Considerado uma porta de entrada para o universo do empreendedorismo para quem quer ter o próprio negócio correndo menos risco, o franchising aos poucos vai abrindo espaço para lideranças femininas e abrigando redes fundadas e geridas por mulheres. Em 2015, quando a Associação Brasileira de Franchising (ABF) realizou o estudo Liderança Feminina no Franchising, 46% das franqueadoras não tinham mulheres em cargos executivos e apenas 12% tinham liderança exclusivamente feminina. Cinco anos depois, 15% das 50 maiores redes têm como principal executiva uma mulher, 2% a mais que em 2018 e acima da média nacional, que, segundo estudo conduzido pela Talenses e pelo Insper, está na casa dos 13%. “Ainda estamos muito longe do ideal no equilíbrio na composição de gênero para os cargos de liderança nas redes de franquia”, admite Cristina Franco, membro do Conselho da ABF. “Mas já avançamos nessa direção, porque acreditamos que mulheres e homens trabalhando juntos somam expertises. São diferentes pontos de vista que se completam e promovem um saudável e ideal equilíbrio na gestão das empresas.”

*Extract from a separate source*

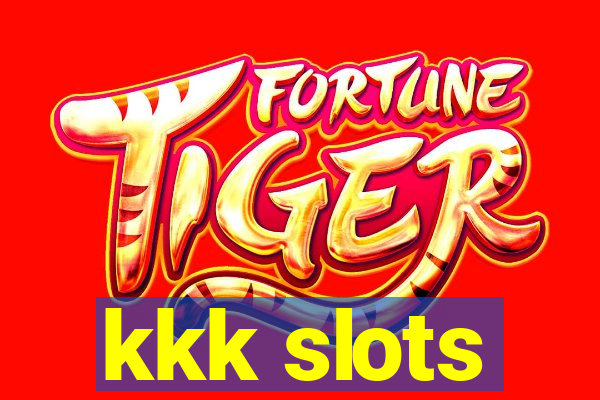 kkk slots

Na contramão do mercado, a Kumon, microfranquia referência mundial em educação, tem 96% de mulheres na liderança de suas unidades no País. “As mulheres são mais detalhistas na hora de escolher uma franquia, valorizam o atendimento da rede na fase de pesquisa, o processo seletivo, as oportunidades de troca de conhecimento com outros franqueados e buscam um negócio que, além de retorno financeiro, traga realização profissional e pessoal”, diz Julia Shiroiwa, gerente de expansão. 

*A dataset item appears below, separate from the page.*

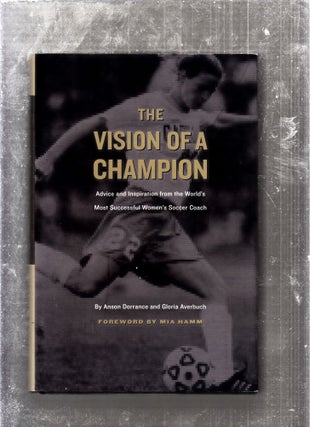 Item #E26061 The Vision of a Champion (inscribed by Dorrance); Advice and Inspiration from the...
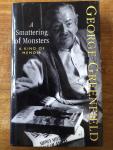 George Greenfield - A Smattering of Monsters - A kind of memoir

Colocando em prática o conceito de equidade dentro da franqueadora e na rede, a Sorridents, uma das maiores redes odontológicas da América Latina, não só é fundada e liderada por uma mulher, Carla Sarni, como tem 40% de mulheres entre seus cerca de 250 franqueados. “Hoje, velocidade e sensibilidade são atributos que fazem muita diferença nos negócios, e as mulheres costumam somar essas características”, afirma Gislene Soares Santos, diretora de operação e expansão. “Cada vez mais temos buscado fornecedores com esse perfil, o que tem elevado o número de mulheres na carteira.” O resultado, garante a executiva, é mais agilidade na solução das demandas, rapidez nas respostas e maior atenção aos detalhes que, muitas vezes, passam despercebidos ao olhar masculino. 

As vantagens da equidade de gênero e da diversidade na cadeia de supply chain, garantem os especialistas, são inúmeras; o que falta para esses benefícios se tornarem realidade é a mudança de pensamento. Está mais do que na hora de virar a chave.